Other famous alumni include author and journalist Mark Abley, actress Kim Coates, poet Lorna Crozier, crime writer and creator of Street Legal William Deverell and former prime minister John Diefenbaker. It was also interesting to learn the history behind familiar names from around the city like Rusty MacDonald, Frances Morrison, Carlyle King, Hilda Neatby and Mabel Timlin.
But the gala wasn’t only open to alumni. The luncheon featured music from the U of S Jazz Ensemble and six tables were reserved for students.
Allin says getting students involved and aware of these alumni has been part of the goal from the beginning.
“The main reason for the Alumni of Influence was to inform students about these people who are very accomplished,” she said. “These people are going to be us in 50 years, hopefully.”
As a writer, Allin was most excited to meet William Deverell, Sharon Butala and Margaret Weiers, though she said it would be difficult to choose alumni who stand out in her mind because “they are all so interesting and different.”

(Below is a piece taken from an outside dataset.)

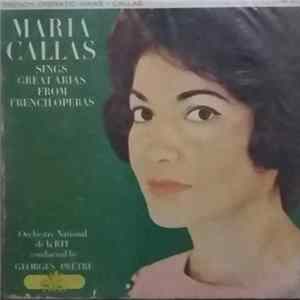 Maria Callas, Orchestre National De La RTF Conducted By Georges Prêtre - Interpréta Árias De Operas (cantado Em Frances) Mp3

To learn more about the alumni listed here and to see a full list, check out the College of Arts and Science website, the alumni display in the Arts Building (look up when heading down the arts ramp) or see the latest issue of the Arts and Science alumni magazine, DiversitA&S.
Happy 100th birthday
The first arts and science lecture, a lecture in Greek history, was given 100 years ago this month in the Drinkle Building downtown. At the time, 70 students were enrolled in the college.
Now, the College of Arts and Science is the biggest on campus with 8,000 students enrolled and more than 50,000 alumni.
The college is also one of the few in the country that combine arts and science under one banner.